'craps' Q: prob. of 2 throws w/o landing '7' on either

[jcraigjcraig]

The probability of throwing a seven with two fair dice is 1/6. What is the probability of completing two random throws without a seven on either throw - considering that if you throw one on the first throw, the turn is over?

 

[Deleted member 4993]

Re: craps roll question

The probability of throwing a seven with two fair dice is 1/6. What is the probability of completing two random throws without a seven on either throw - considering that if you throw one on the first throw, the turn is over?

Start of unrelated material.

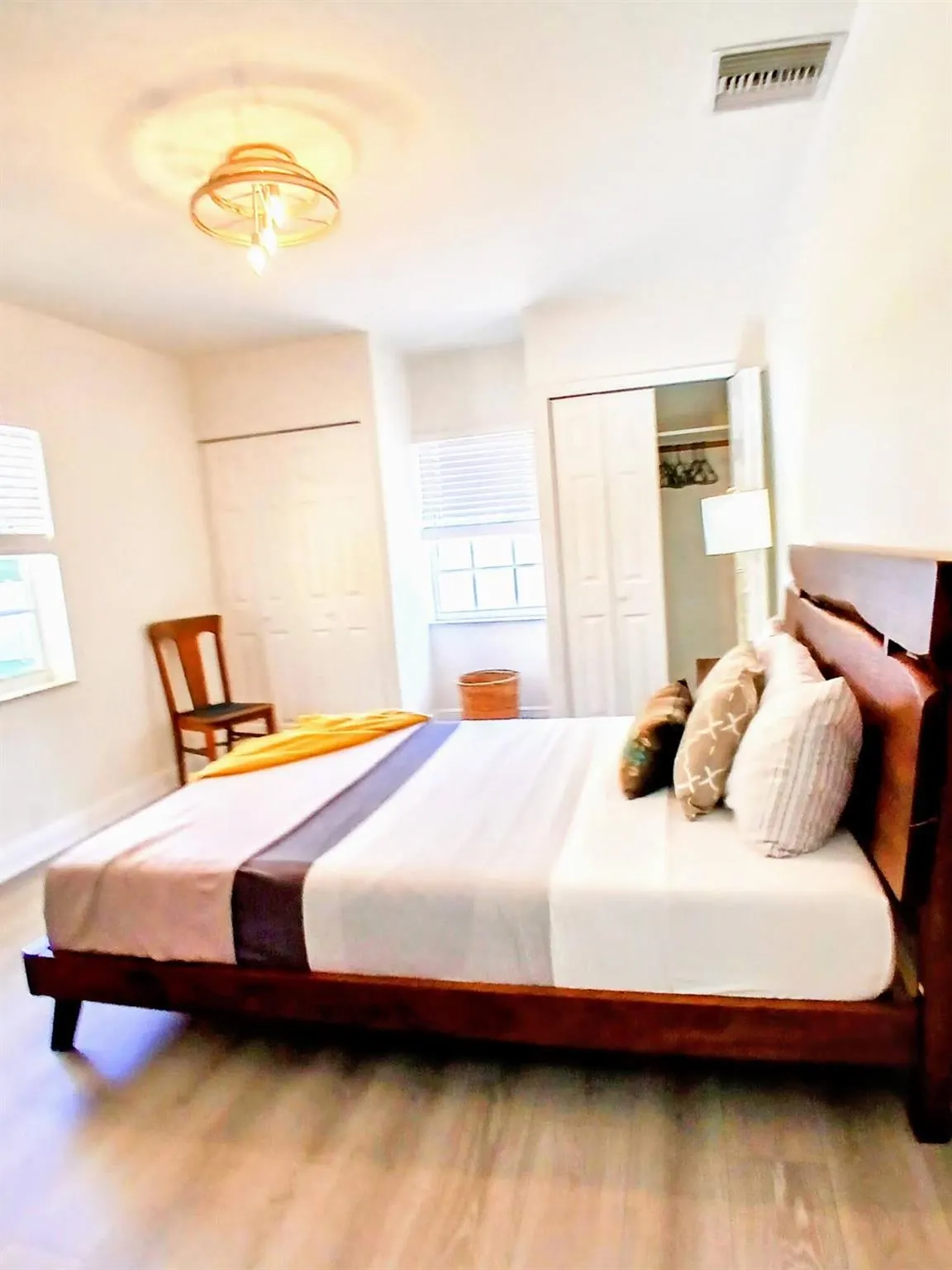 1137 NE 9th Avenue, #1137 S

Please show us your work/thoughts indicating exactly where you are stuck.

 

[jcraigjcraig]

Re: craps roll question

Ok-
I need to know the probability of being able to complete exactly two rolls without throwing a seven. Is it First roll (1/6) + second roll (1/6) = 1/3, or 66.7 chance of success? Or, do you look at it like this - 1/6 = .167, so is it First roll (.167) TIMES Second roll (.167) = .0279, so you have a (100-27.9) or a 72.1% chance of success? Or, since the probability of success on any one roll is 5/6 (.833) would you say that it is First roll (.833) chance of success TIMES second roll (.833) chance of success = .694? Or, would you say that since the two rolls are independent events, the probability remains 83.3%? Not sure how to look at it.
Thanks for your help!!

 

[pka]

Re: craps roll question

The probability of not throwing a seven is \(\displaystyle \frac{5}{6}\).
That is independent of any other throw of the dice.
So the answer is: the probability of no seven the first times the probability of no seven the second.